We knew there was a lot of under-diagnosis of dementia because patients were being picked up only at a late stage. Too often this resulted in emergency admissions, when families and carers – struggling alone for a long time without access to the necessary help – could no longer cope.
Earlier diagnosis also means patients can be put on medication at a stage in the disease progression when it could still be effective.
Early support – both social and legal – can be offered for carers and an opportunity created to improve the quality of life of patients with dementia.
Durham Dales locality is made up of 12 GP practices covering 90,000 patients – but approximately 25,000 are in the Teesdale area which is predominantly rural, potentially causing isolation and transport issues that can make services harder to access.
As part of the Department of Health’s integrated care organisation pilot, we had regular meetings with our colleagues in secondary care as well as nursing staff, and it was felt that a standardised screening tool could be easily used to improve early diagnosis and get patients the help they needed before their situation got out of control.
What we did
One of our local consultants recommended the six-item cognitive impairment test, recently endorsed by the RCGP, as an initial screening tool.
The test has been around for many years, but this was not something we routinely used in our practice. It takes about five to 10 minutes to complete and gives GPs a score that determines whether someone needs to be sent for further assessment.
We felt it was a standardised tool that could easily be uploaded onto primary care systems, was simple and easy to use within the context of a routine appointment, and could be used by any healthcare professional.
It required no training and meant that practices were all following the same pathway. It also meant that practice nurses – who might be in a good place to spot memory problems when seeing patients for wound dressing changes and other routine appointments – could use the tool as well as GPs.
This was initially implemented at the Auckland Medical Group before being rolled out to the other 11 practices in the Durham Dales locality.
At the same time, we carried out some publicity to encourage patients and carers to come forward if they were worried about memory problems.
This included leaflets that we handed out at flu clinics and some press coverage in the local newspaper.
We were fortunate that a new specialist memory clinic had been set up at Auckland Park Hospital and they were very keen to improve early diagnosis.
It meant we had guaranteed referral times of four weeks, and in some cases as quickly as two weeks, which was a vital part of the programme.
There would be no point implementing a screening tool if the referral pathway then took months.

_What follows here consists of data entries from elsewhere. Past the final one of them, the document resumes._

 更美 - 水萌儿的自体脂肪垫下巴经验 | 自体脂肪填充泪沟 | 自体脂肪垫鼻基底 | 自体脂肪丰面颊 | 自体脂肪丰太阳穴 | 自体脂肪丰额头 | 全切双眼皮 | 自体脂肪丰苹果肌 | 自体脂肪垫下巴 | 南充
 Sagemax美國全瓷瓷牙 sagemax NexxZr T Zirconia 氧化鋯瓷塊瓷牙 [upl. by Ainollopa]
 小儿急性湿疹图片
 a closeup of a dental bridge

To go alongside the screening programme, the CCG put together an information pack with support from a solicitor and the patient reference group at Tees, Esk and Wear Valley NHS Foundation Trust that contained information on Power of Attorney and welfare benefits.

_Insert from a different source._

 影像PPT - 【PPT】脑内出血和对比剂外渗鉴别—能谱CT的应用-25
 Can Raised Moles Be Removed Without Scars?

As with the whole early diagnosis programme, there was no specific funding for developing the information pack – the funding we received from the DH for the integrated care organisation pilot was to cover staffing costs.

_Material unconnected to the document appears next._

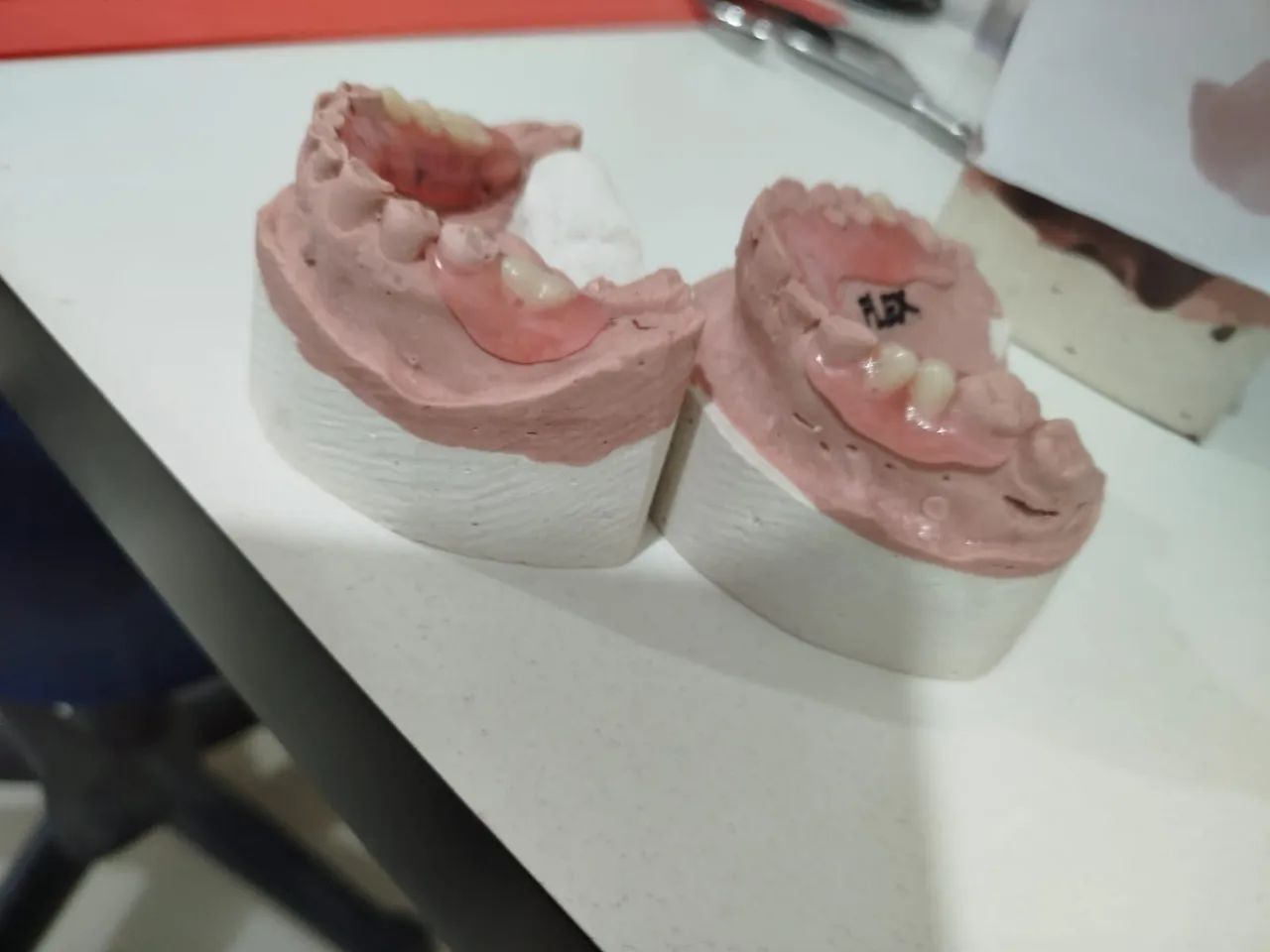 Prótese dentária  - Foto 2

All of the work we did relied on goodwill and people sharing our enthusiasm to improve things for our patients. There were no specific incentives for GPs to use the screening tool, but we found no problems with buy-in to the scheme.
However, two of the practices decided to use a different memory test that better fitted with the referral pathway they had to a different hospital.
When we rolled out the screening tool to the practices, we assigned it a code so we could monitor when it was being used, how many patients were referred on and how many went on to have a diagnosis.
We had hoped to double the number of patients with a diagnosis of dementia through the use of the screening tool.
At the Auckland Medical Group where the tool was first implemented, the number of people diagnosed with dementia over the 18-month period of the pilot went from 30 to 60.
Across the locality, new diagnoses went from 267 in April 2010 to 346 by March 2011.
One of the most successful aspects was the publicity campaign we implemented alongside the test.
We saw a surge in patients and family members asking about the test after the article appeared in the local press, as well as enquiries to the CCG office either asking about how to get the memory test or just asking for advice.
The leaflets also proved a successful way of getting people to come forward.
The screening test is now used routinely by GPs in Durham Dales, although we are no longer monitoring it.
We are continuing to raise awareness that there are things that can be done to support patients with dementia, and to further drive use of the screening test.
Dementia remains a priority and is one of our strategic commissioning intentions. Of course, once people are diagnosed there need to be appropriate services in place to meet their needs, and we are reviewing our offerings to see if there are any gaps in our services.
Victoria Reed is a project lead for clinical commissioning at Durham Dales Commissioning locality. Dr Mark Ward is a GP at Auckland Medical Group
Initiative: Rollout of a simple six-question memory test to practices within Durham Dales Commissioning locality, alongside a publicity campaign to raise awareness among patients that the screening test was available if they were worried about memory problems. Patients were referred if needed to the local hospital, where a new specialist memory clinic was able to see them within four weeks.
Start-up costs: This was done within a Department of Health integrated care organisation pilot, with no extra funding.
Staffing: The test required no training and could be carried out by GPs or practice nurses.
Outcomes: The publicity campaign was successful, and over a six-month period there was a increase in people diagnosed with dementia.